Retomando seu diário no dia 6 de abril de 1917, depois de uma folga de cinco meses dedicada à ficção, Kafka escreveu um fragmento de 150 palavras que mais tarde incorporaria àquela que, para mim, é a mais perturbadora de suas obras curtas, “O caçador Gracchus”. Condenado a vagar pela terra sem trégua, aprisionado num limbo que coexiste com o mundo dos vivos, “eu estou”, diz Gracchus, “sempre na grande escadaria que leva até o alto. Nesse lance de escadas infinitamente largo, ora para cima, ora para baixo, ora para a direita, ora para a esquerda, sempre em movimento”. Eu o vejo lá, aprisionado em sua pose distintamente kafkiana de fluida inanição – e eu vejo você lá também, espiando o mundo do lado de cá, sua mão se mexendo ora para cima, ora para baixo, ora para a direita, ora para a esquerda, sempre em movimento enquanto você mesmo permanece estático.
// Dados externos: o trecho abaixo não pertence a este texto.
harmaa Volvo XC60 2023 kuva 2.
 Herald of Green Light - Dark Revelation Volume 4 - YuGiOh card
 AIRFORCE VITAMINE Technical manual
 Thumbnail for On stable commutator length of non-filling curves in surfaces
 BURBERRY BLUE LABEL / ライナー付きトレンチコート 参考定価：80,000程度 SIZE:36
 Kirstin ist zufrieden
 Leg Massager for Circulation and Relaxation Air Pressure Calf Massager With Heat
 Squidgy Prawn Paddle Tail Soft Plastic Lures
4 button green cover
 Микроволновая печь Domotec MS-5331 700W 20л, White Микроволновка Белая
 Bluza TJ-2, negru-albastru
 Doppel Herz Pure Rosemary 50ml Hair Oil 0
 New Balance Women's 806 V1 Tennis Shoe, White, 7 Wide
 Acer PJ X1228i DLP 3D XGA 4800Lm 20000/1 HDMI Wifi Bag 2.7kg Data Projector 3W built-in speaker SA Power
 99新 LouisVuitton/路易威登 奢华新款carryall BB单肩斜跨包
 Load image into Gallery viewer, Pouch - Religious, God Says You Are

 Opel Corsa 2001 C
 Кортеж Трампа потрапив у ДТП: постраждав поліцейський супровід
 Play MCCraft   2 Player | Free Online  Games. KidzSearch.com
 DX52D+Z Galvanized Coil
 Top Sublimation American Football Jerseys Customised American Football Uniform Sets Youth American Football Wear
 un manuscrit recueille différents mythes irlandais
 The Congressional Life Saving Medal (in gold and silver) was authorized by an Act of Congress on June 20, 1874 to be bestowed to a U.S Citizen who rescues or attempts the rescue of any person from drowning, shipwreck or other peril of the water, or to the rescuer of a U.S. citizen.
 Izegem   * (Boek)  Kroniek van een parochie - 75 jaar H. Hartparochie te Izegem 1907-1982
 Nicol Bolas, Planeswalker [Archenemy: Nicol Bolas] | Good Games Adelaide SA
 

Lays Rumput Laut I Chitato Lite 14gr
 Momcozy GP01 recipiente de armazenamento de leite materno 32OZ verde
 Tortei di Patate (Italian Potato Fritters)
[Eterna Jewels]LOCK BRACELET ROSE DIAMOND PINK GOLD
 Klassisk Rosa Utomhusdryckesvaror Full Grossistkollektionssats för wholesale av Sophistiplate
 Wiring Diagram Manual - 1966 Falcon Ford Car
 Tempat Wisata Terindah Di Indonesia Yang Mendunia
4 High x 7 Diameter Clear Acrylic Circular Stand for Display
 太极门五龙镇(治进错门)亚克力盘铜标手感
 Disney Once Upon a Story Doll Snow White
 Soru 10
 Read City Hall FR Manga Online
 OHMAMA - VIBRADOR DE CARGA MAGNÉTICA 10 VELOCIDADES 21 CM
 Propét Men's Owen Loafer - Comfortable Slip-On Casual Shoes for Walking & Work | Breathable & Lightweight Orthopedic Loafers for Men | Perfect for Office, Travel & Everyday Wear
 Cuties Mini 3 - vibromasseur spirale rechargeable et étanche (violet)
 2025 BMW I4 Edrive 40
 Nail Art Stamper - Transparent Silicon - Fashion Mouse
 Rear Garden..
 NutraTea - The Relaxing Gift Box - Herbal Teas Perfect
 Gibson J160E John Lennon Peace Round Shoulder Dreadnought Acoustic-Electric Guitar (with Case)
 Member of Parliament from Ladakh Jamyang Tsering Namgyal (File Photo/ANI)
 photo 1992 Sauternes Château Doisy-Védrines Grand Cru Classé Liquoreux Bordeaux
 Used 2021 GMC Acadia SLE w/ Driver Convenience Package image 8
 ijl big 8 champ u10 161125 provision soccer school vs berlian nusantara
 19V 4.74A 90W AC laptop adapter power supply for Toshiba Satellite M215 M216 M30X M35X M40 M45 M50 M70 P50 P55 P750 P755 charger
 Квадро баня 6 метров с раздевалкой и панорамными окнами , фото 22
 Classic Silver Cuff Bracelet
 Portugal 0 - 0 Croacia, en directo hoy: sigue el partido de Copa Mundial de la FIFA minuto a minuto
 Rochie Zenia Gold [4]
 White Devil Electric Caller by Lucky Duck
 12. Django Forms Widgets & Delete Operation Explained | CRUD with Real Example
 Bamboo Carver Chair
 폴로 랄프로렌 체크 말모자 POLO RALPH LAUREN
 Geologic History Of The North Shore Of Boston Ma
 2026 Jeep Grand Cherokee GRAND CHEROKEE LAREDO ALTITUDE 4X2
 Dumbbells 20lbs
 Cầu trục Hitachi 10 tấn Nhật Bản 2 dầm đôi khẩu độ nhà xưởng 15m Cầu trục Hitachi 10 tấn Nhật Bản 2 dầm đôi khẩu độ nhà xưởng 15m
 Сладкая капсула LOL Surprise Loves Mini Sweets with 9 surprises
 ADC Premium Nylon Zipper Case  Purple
O fragmento acima faz parte de um imperdível “ensaio digital” (em inglês) que acaba de ser publicado na web pelo escritor inglês Will Self (foto), chamado Kafka’s wound (“A ferida de Kafka”). Texto estranho, de um escritor estranho sobre outro escritor estranho, o longo ensaio às vezes beira o incompreensível em sua técnica de associação de ideias. “Não consigo me impedir de ligar uma ideia à outra com base apenas em sua contiguidade no tempo, no espaço, em minha própria mente”, avisa Self logo no início. Seu método – pois é evidente que há um, embora o autor dê a impressão de ter escancarado as tais portas da percepção ao concebê-lo – não é surrrealista como o alerta acima pode sugerir. Está mais para expressionista: consiste basicamente em tratar uma vasta erudição histórica e literária e um bom punhado de insights idiossincráticos em pé de igualdade, recombinando-os ludicamente para fazer de Kafka nosso cicerone numa galeria subterrânea que leva da Primeira Guerra Mundial ao mundo digital contemporâneo. Enquanto isso, o percurso vai sendo comentado, à direita da mancha textual, por ícones que abrem – com uma elegância gráfica raramente vista no mundo da hipermídia – citações, vídeos, fotografias e trilhas sonoras. Boa viagem.